Instructions for the task
In the listing that follows, find the line with "Jogo de Duvet Basic Branco 200 Fios", then copy exactly from it through the line with "LOUIS VUITTON Monogram", leaving out every picture.

(Provided records)

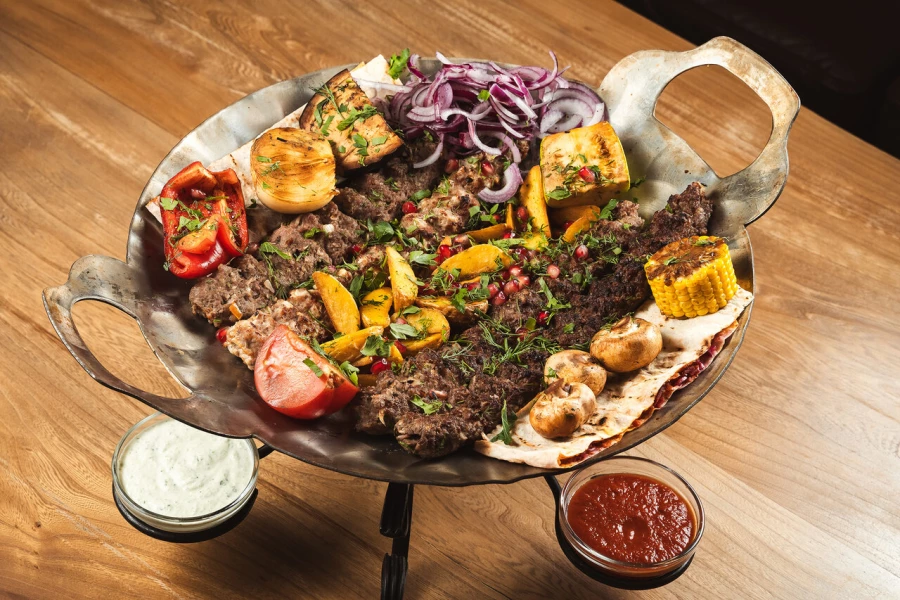 Садж люля-кебаб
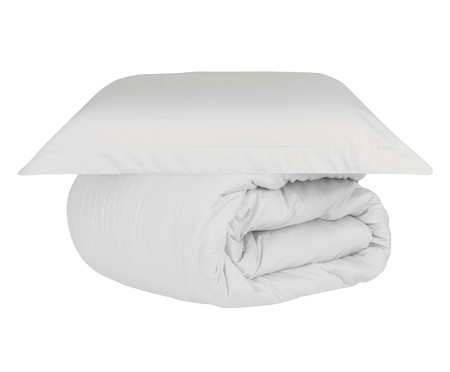 Jogo de Duvet Basic Branco 200 Fios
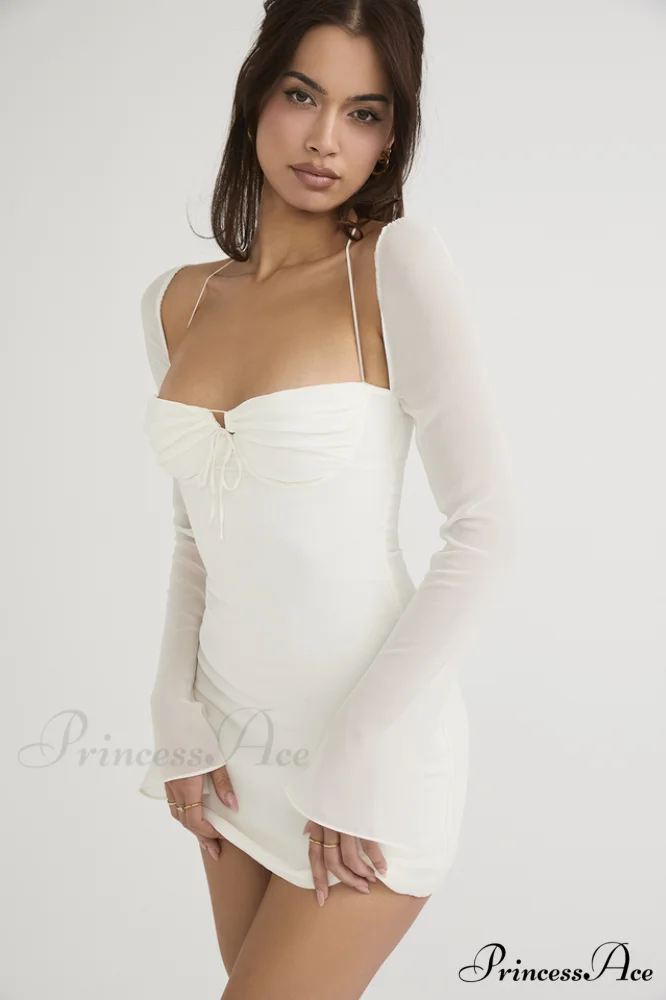 Chiffon Halter Stylish Mini Dress - Image 17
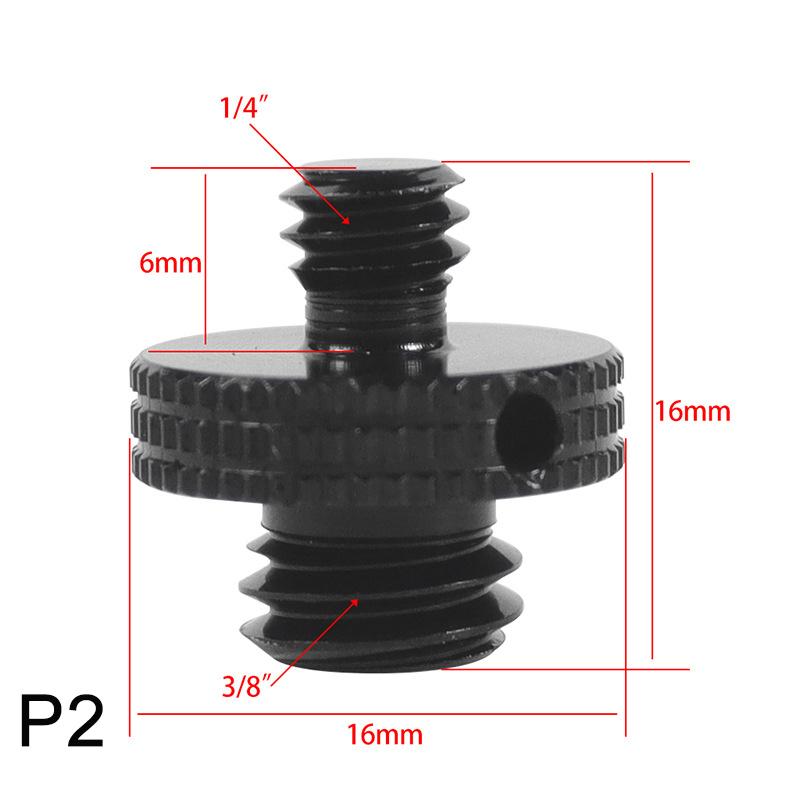 Thread Reinforce Camera Conversion Screw Adapter For Camera Tripod Ballhead Projector Bracket - 1/4 To 3/8 M4 M5 M6 M8 M10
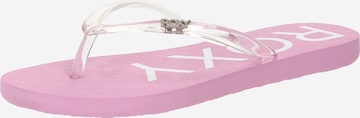 Claquettes / Tongs 'VIVA JELLY' ROXY en rose : devant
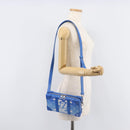 LOUIS VUITTON Monogram Clouds Soft Trunk Wallet Bag Blue M45432 LV Auth 209614M-32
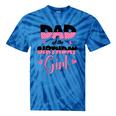 Dad And Mom Of The Birthday Girl Family Matching Party Tie-Dye T-shirts Blue Tie-Dye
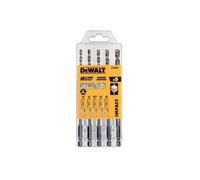 Coffret de 5 forêts multi-materiaux impact DEWALT DT60099-QZ Ø 4,5,5.5,6,8mm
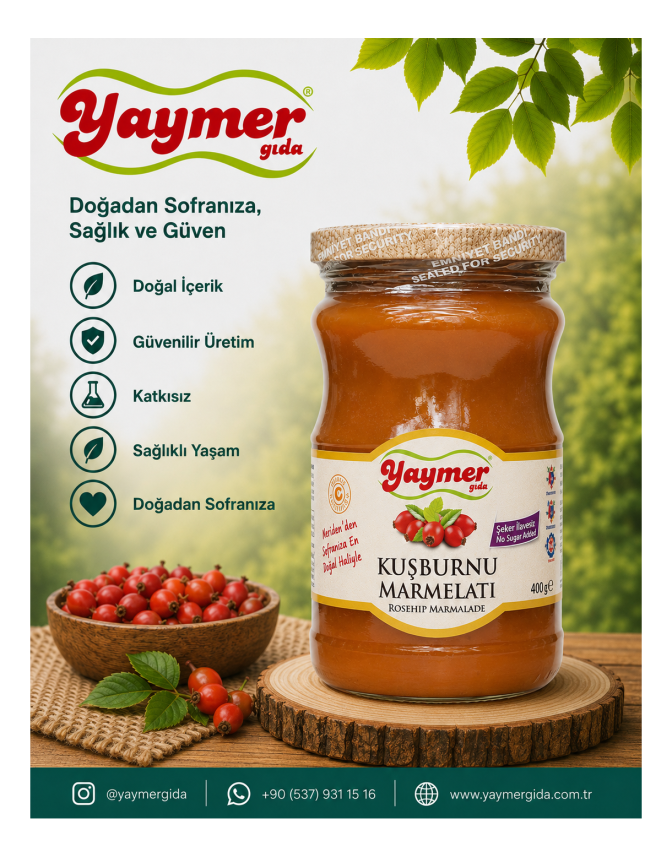 Kuşburnu Marmelatı Diyet - 400 gr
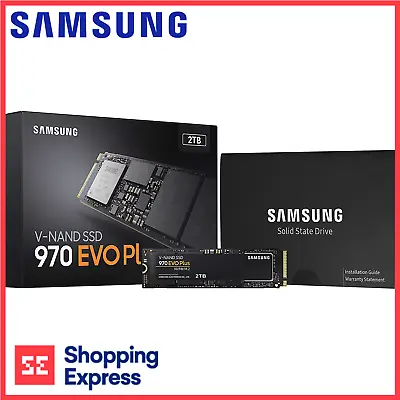 Samsung 1TB 2TB 500GB 250GB SSD 970 EVO Plus M.2 NVMe Internal Solid State Drive • $145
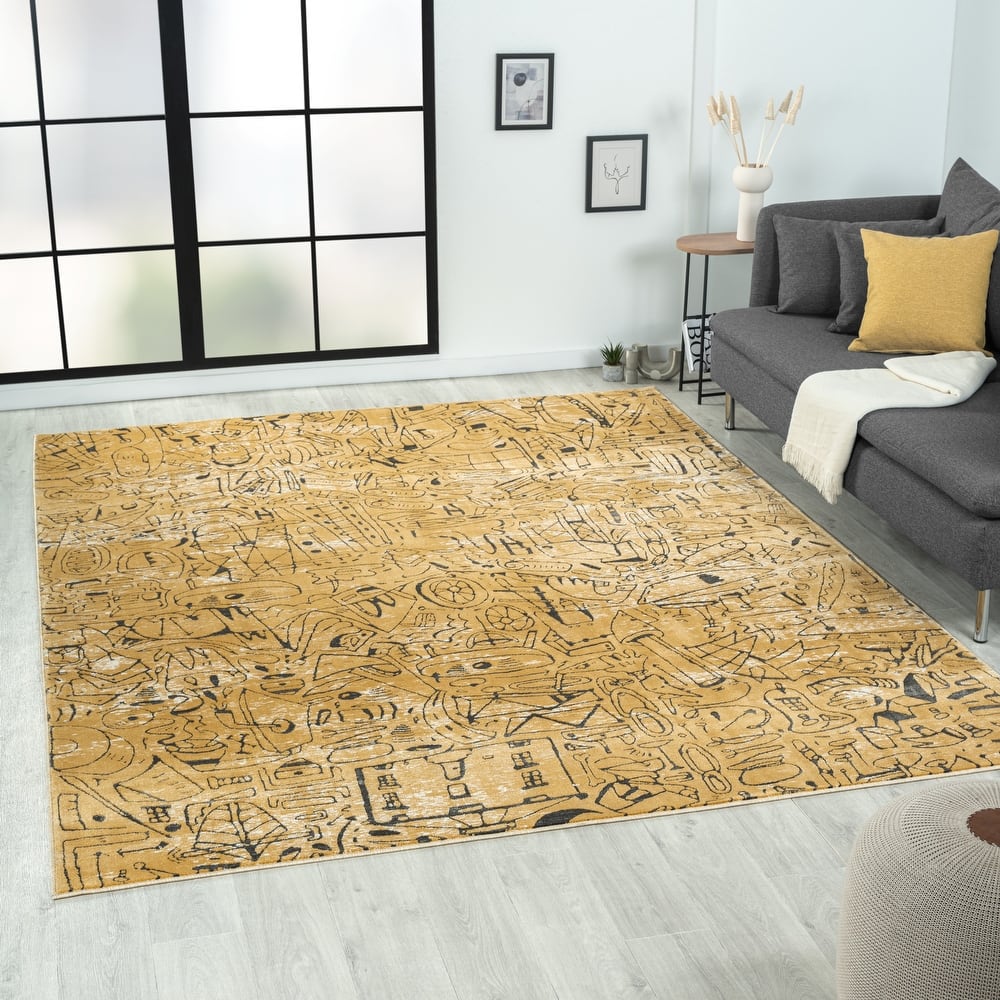 Katie Merz BKLYNWRKS Street Art Area Rug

(End Provided records)

Result for this task
 Jogo de Duvet Basic Branco 200 Fios
 Chiffon Halter Stylish Mini Dress - Image 17
 Thread Reinforce Camera Conversion Screw Adapter For Camera Tripod Ballhead Projector Bracket - 1/4 To 3/8 M4 M5 M6 M8 M10
 Claquettes / Tongs 'VIVA JELLY' ROXY en rose : devant
 LOUIS VUITTON Monogram Clouds Soft Trunk Wallet Bag Blue M45432 LV Auth 209614M-32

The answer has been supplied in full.